RNP-004: Render Network Foundation Team Review and ANTBIT AMA Recap

Published in

Render Network

11 min readJul 26, 2023

Last Friday the ANTBIT team sat down with the Render Network Foundation’s Andrew Hyde and Ryan Shea for a community AMA hosted on Twitter Spaces. The AMA gave community members the opportunity to interact directly with the ANTBIT team and gain more insight into the technology behind the ANTBIT protocol, and how this would be integrated into the Render Network systems.

During the same week, RNP-004, the related RNP from the ANTBIT team, passed its initial community vote and has since moved onto internal review by the Render Network Foundation team. Published below are the Foundation team’s thoughts and comments on the proposal.

RNP-004 Render Network Team Review

The Render Network team (made up of core members of the Render Network engineering team, community moderators and infrastructure developers) have reviewed RNP-004 to make sure that it meets the criteria of an effective RNP (is economically and efficiently feasible, project costs and any additional issues or topics that may pose a block to the RNP).

After lengthy discussions in the Discord and AMA on Twitter, the Render Network Team is showing support for RNP-004 and putting it up for a final Community Vote starting July 26th at 5pm, PST. This vote lasts six days, ending on August 1st at 5pm, PST.

RNP-004: Summary

As summarized by the architects of the RNP, “RNP-004: Compute Clients”, is a proposed integration between the Render Network infrastructure and an API designed by the ANTBIT team, which would allow outside users to access the Render Network’s node pool to support compute jobs such as machine learning, AI training models and other similar computational tasks within those fields.

In practice, this would increase the general usage of the Render Network’s node framework, providing more work for the Node Operator’s machines themselves, while simultaneously expanding the operational abilities of the Render Network eco-system into new fields. Of particular note is that this API implementation would not be a requirement, but an opt-in feature for node operators, if they would like their nodes to participate in the ANTBIT protocol. The RNP can be read in its entirety here.

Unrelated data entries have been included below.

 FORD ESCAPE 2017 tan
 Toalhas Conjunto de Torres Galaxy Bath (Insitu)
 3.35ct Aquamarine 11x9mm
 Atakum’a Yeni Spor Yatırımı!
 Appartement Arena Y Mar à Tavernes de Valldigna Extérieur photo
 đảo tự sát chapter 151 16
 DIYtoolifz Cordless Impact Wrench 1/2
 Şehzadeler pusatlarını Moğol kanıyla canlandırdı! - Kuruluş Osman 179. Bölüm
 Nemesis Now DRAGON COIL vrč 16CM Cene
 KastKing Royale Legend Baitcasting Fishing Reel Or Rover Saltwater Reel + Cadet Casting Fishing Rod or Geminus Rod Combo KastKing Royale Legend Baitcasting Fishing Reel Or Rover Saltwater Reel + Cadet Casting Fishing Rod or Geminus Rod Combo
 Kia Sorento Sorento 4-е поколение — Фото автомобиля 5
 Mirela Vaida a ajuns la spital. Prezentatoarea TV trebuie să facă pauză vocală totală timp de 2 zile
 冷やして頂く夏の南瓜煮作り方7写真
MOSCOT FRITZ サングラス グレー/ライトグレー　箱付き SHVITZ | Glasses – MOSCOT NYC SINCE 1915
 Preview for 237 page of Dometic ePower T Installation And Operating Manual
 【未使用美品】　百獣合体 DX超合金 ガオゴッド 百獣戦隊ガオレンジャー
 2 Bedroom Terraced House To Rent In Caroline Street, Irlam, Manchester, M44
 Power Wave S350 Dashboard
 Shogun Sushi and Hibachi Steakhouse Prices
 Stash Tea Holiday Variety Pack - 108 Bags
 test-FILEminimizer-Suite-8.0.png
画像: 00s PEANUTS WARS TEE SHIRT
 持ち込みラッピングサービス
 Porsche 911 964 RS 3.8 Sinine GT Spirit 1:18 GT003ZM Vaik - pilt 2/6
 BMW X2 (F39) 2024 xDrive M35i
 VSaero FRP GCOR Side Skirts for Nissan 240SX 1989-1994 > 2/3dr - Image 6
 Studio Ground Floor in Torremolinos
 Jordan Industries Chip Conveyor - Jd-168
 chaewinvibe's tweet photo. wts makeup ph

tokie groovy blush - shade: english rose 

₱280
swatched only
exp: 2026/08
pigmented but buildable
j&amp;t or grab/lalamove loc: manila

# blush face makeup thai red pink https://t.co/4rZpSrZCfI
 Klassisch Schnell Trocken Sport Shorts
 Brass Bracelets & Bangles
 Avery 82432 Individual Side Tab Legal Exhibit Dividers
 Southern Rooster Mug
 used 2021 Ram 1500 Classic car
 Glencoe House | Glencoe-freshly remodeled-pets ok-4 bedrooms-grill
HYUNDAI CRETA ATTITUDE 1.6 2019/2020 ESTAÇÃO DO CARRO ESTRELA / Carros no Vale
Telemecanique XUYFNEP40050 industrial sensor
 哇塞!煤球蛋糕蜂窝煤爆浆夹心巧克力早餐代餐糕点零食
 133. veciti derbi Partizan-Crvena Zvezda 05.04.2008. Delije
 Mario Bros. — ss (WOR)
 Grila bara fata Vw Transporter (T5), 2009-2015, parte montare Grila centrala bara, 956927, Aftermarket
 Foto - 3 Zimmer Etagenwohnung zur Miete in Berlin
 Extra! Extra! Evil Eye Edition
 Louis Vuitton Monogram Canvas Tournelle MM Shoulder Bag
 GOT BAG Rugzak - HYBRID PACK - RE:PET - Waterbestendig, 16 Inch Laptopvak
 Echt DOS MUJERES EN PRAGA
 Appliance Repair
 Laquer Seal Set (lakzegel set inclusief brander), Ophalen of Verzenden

Render Network Team Feedback

While reviewing, members of the Render Network team had the following comments regarding the RNP. Among the comments are specific areas that the Render Network team believes need to be further defined prior to any implementation, if the RNP is to go forward.

Areas that will need to be defined in the implementation phase are:

How queueing jobs between Render Network and ANTBIT will function specifically
A node opt-in mechanism for GPUs that will be available on both clients (Render Network and ANTBIT’s API)
Pricing and fee structure for ANTBIT compute jobs on Render Network
Dashboard features for Node Operators to manage computing work between Render Network and ANTBIT

AMA Recap

For those that were unable to attend live, the following is a condensed recap that includes quotes from the AMA transcript. The interviewers/AMA hosts were the Render Network Foundation’s Andrew Hyde and Ryan Shea, who will be abbreviated as R/A and the interviewee was Ahmad Shadid, CTO/CEO of ANTBIT, who will be abbreviated as AS.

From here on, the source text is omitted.